There is a series of maps in a park near our house. They show what our neighborhood looked like at various times throughout history. The boys love finding the map with the landfill that eventually made our street possible. After looking at those maps the first time, we finally understood why we find so many oyster shells in our back yard.
Figuring out exactly where you are in the world is no easy task. Figuring out how that place connects to all the other places in the world, and how those places have related over time, well, that’s a life’s work. Compelling work. Maybe that’s why I’ve never met a kid who didn’t enjoy poring over a map.
I don’t know why elementary schools spend so little time on maps. They may do a unit on map skills now and again, but you don’t see second graders hunched over maps for extended periods of exploration. Wall maps, relief maps, map overlays – young people love maps if they are just given the time to explore them and some hints about how to connect them to their questions.
One of the boys’ favorite memories of homeschooling was the day we went to the Mapparium in Boston. This would not surprise Susan and Jessie Wise , who write that the boys are in the Grammar Stage, the first of three stages in a “classical education.” In their book, The Well Trained Mind, the Wise’s contend that first through fourth grade education should be focused far more on content accumulation than on self-expression and creativity. It’s not what I learned in my ed school days, but it explains my sons’ obsession with studying maps.(Read more about their ideas here.)
Today our American Revolution homeschool class spent several hours at Bunker Hill (which is really Breed’s Hill, but the British hadn’t yet read my post on the importance of knowing where you are). My favorite activity had the kids sitting around a giant, canvass floor map of Boston and the surrounding areas in June of 1775. The students first used a set of flags to mark Charlestown, Dorchester Heights, and other towns and landmarks. Next they set up British and rebel forces to retell the story of Bunker Hill. I have been reading about this battle, watching reenactments, and trying to visualize the whole thing for months now. But not until I saw it all laid out and moving around on a map, did I understand what really happened. As they were working with the map, kids were calling out things like, “Oh! That’s why they sent troops to block off the neck!”

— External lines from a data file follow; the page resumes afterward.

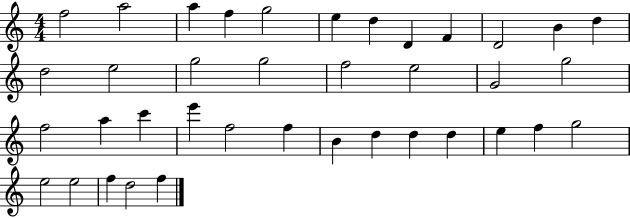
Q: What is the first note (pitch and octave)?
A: F5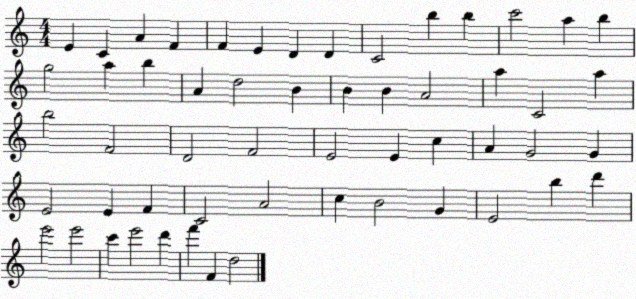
X:1
T:Untitled
M:4/4
L:1/4
K:C
E C A F F E D D C2 b b c'2 a b g2 a b A d2 B B B A2 a C2 a b2 F2 D2 F2 E2 E c A G2 G E2 E F C2 A2 c B2 G E2 b d' e'2 e'2 c' e'2 d' f' F d2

Geography matters, not because knowing all of the state capitals will make you better, smarter, or stronger. Geography matters because peoples and cultures and histories happen in particular places. Places where the glaciers left behind drumlins that make strategic battle hills. Places where silk worms encouraged global trade in ways that are still hard to fathom. Places where people had to appease angry volcano gods. Geography matters.
As a person of faith, geography matters because my God is a god of place. To participate in his love for the world and the people of the world, I need to understand their place in that world. That logic might be pushing it with the boys. Sometimes, they just want to find all of the countries that participated in the last World Cup. In any case, they have no question about the role of geography in a great education. It matters.